Tip no. 1: review your household budget

Do you know offhand what your biggest outgoings are? Usually, the best part of your income is spent on your rent or mortgage, transport, health insurance, food and tax. There’s not a lot you can do about many fixed costs in the short term. But if you at least have a breakdown of your outgoings, you can keep track of your variable costs and know how much is left for clothes, entertainment, hobbies and so on. It's therefore a good idea to review or create a household budget. Templates are available from organizations such as Budgetberatung Schweiz (in German, French and Italian only).

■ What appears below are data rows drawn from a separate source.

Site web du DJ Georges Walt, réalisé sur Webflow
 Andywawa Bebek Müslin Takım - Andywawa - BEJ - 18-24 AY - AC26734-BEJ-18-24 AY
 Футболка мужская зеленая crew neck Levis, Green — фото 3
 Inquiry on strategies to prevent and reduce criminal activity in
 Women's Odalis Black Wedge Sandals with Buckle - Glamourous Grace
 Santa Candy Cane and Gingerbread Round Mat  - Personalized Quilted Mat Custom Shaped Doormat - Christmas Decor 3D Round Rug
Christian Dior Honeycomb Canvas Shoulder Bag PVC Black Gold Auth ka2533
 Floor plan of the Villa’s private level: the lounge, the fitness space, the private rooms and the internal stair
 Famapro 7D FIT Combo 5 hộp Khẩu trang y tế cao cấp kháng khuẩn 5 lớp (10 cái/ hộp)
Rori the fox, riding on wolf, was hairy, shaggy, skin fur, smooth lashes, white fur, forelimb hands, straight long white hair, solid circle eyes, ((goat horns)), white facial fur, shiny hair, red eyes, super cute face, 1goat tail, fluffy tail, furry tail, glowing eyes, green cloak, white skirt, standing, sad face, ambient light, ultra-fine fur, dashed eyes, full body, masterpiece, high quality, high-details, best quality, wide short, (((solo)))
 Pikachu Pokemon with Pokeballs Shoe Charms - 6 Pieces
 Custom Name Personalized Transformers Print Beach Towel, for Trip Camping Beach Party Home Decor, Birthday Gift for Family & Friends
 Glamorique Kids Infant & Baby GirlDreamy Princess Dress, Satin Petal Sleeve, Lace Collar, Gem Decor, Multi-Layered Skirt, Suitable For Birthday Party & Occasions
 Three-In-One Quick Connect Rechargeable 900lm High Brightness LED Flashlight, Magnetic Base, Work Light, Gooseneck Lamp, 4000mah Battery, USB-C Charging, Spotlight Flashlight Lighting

Cutting smaller expenses is often the quickest way to save money. A 7-franc account management fee here, 25 francs per month for a streaming subscription there, then there’s some pocket money for the kids or a packet of cigarettes each day – such minor amounts are harder to keep track of. Here's where an app can be useful. Apps can help you record and categorize your daily, weekly and monthly outgoings. At the end of the month, the app will show you how much everything has cost. You can then critically examine each item of expenditure. Could you do without the streaming subscription and dedicate some time to those unread books on your bookcase or a bit of sport instead? Or maybe the free trial would be enough, rather than a paid subscription? How much would you save if you gave up smoking? And do you really still want to pay those (excessively) high charges for your credit card?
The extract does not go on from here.